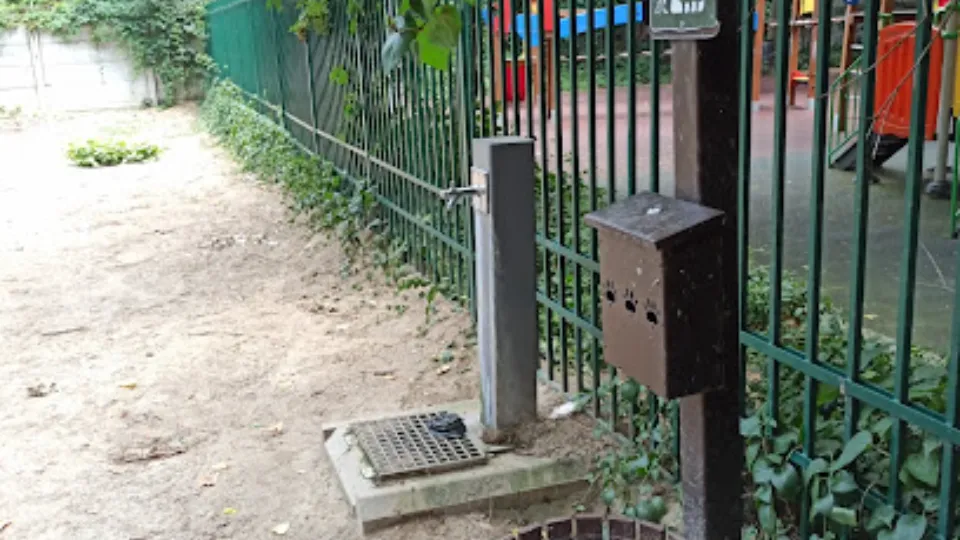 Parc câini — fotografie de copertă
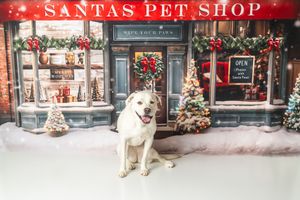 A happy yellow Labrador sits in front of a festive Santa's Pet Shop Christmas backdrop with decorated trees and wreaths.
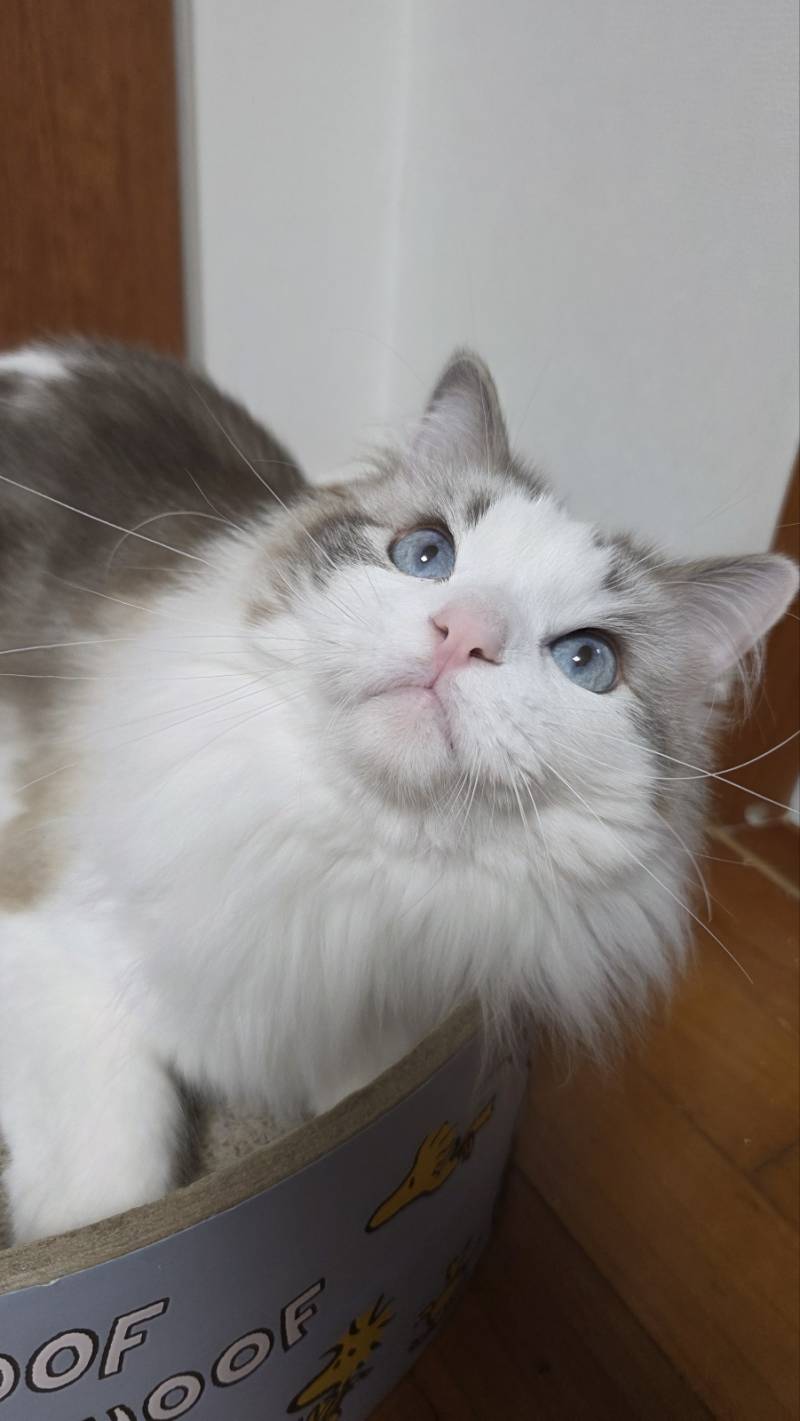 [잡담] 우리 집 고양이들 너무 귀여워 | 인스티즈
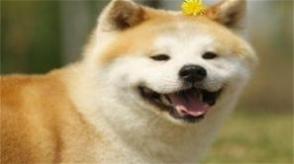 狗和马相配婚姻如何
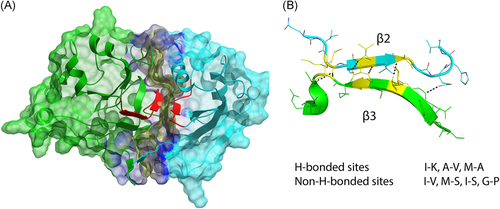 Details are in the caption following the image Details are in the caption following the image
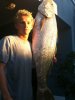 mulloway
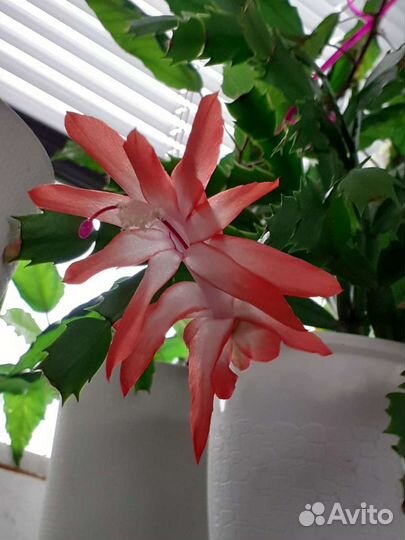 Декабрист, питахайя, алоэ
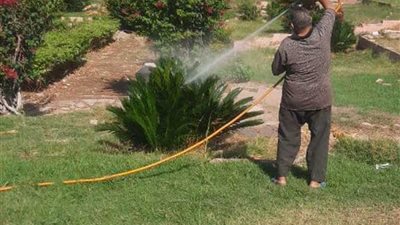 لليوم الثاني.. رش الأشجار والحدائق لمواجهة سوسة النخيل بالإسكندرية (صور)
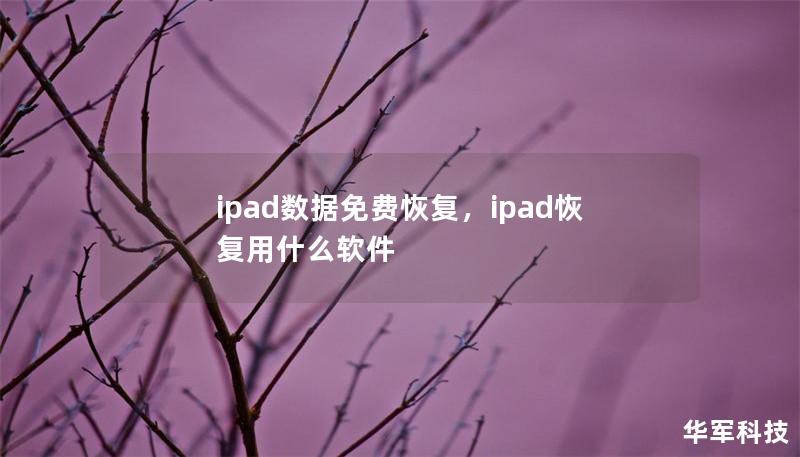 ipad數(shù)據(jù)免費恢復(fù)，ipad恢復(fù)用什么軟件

§ Brief:
Print every line of the material exactly as written, but drop the pictures.

§ Written response:
 Parc câini — fotografie de copertă
 A happy yellow Labrador sits in front of a festive Santa's Pet Shop Christmas backdrop with decorated trees and wreaths.
 [잡담] 우리 집 고양이들 너무 귀여워 | 인스티즈
 狗和马相配婚姻如何
 Details are in the caption following the image Details are in the caption following the image
 mulloway
 Декабрист, питахайя, алоэ
 لليوم الثاني.. رش الأشجار والحدائق لمواجهة سوسة النخيل بالإسكندرية (صور)
 ipad數(shù)據(jù)免費恢復(fù)，ipad恢復(fù)用什么軟件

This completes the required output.